If you haven't already thrown out today's paper, open the entertainment section and count how many movie ads depict -- together, within the same montage -- a firearm and an incompletely-costumed young woman. The Weekend Arts section of this morning's New York Times has four.

This core-sampling experiment was provoked by the Parents Television Council's Brent Bozell, speaking about advertiser hypocrisy:

"Even though blame for television's increasingly offensive programming is often assigned to producers, writers, networks and even viewers," he said, "sponsors supporting shows with graphic sexual content, foul language and violence share responsibility."

Bozell said many corporations that enforce strict sexual harassment policies turn around and underwrite broadcast material which would violate that same harassment policy if the material were communicated by one employee to another.

Mining a parallel vein, your Uncle Di has been desultorily tracking the remarkable frequency with which the firearm-plus-sex image is used to sell movies -- even films that are pieces of Left-wing propaganda. My interest is not in the allure as such, but in the fact that the papers in which these ads appear -- without exception -- have no editorial objection to sexual indulgence but are vehemently opposed to private ownership of handguns and other repeating arms. Unless you live in Nebraska or Uzbekistan, this is probably true of your local newspaper too.

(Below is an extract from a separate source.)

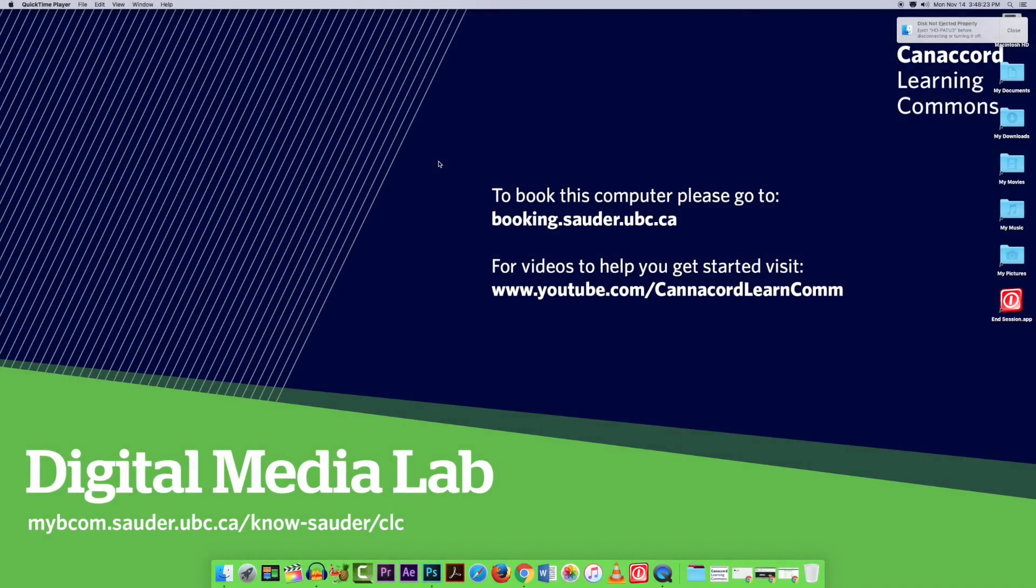Hi, in this video we are going to show you how to open an existing Final Cut Pro project.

Movie ad hypocrisy is the flip side of that mentioned by Bozell -- here it's the guy who pockets the bribe who sells out -- but just as duplicitous. Consistency requires that the editors either keep mum about guns or refuse ads that use them as enticements. Yet movie ads bring in a nice chunk of change, perhaps enough to let the publisher vacation yearly in Cannes instead of Palm Springs; clearly their principles have a for-sale tag. Good to keep in mind next time the word "sanctimonious" appears in an editorial.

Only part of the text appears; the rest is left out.